Surchoix also carries significant award credentials, starting with winning the American Cheese Society Best in Show award back in 1999. It repeated at ACS in 2012 as a Best in Show runner-up, and it routinely not only places, but beats its Swiss competitiors in international competitions. Peeps, this cheese has got legs.

So overall, I’ve got to admit that if 10 wheels of a cheese that you never ordered were to show up on your doorstep, the best you could hope for would for it to be Grand Cru Surchoix. And the second best thing you can hope for is for your friends Kirsten and Kathy – the company’s marketing gurus – to come to your store after their own long day of work and personally sample and sell it for you (thanks, ladies!).

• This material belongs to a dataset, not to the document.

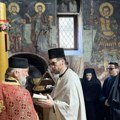 Čuvene ratarske sveće stigle u Manastir Tronošu na veliki četvrtak: Oživljavanje vekovnih tradicija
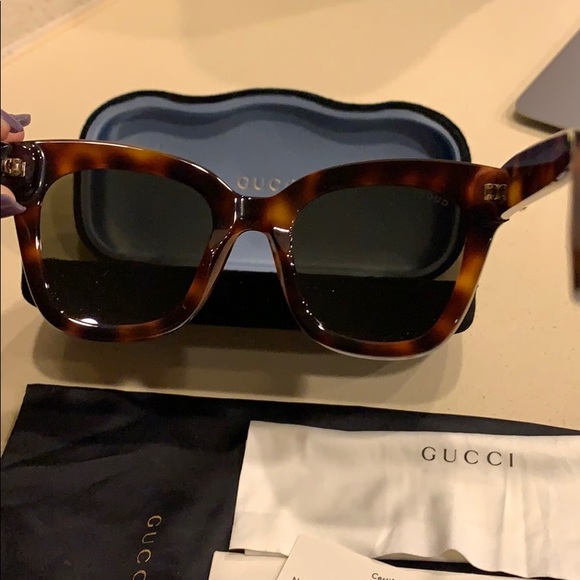 Gucci Sunglasses main image 6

Turns out I worried for nothing. Five weeks after stacking them in my cheese cooler, the 10 wheels are gone. After sampling and talking it up during the month of December, customers scooped it up one piece at a time. Yesterday, we cut up the last two wheels and watched it rapidly go out the door, along with more than 1,000 other pieces of cheese that I’m sure were destined for gifts and cheese boards. I actually had to order more to fill a special we’re running on it for New Year’s Eve.

So as I sit on my sofa on Christmas Day, it’s kind of cool to think about all the people opening boxes today filled with pieces of Grand Cru Surchoix. Merry Christmas, folks. And may the power of good Wisconsin cheese be with you in 2014.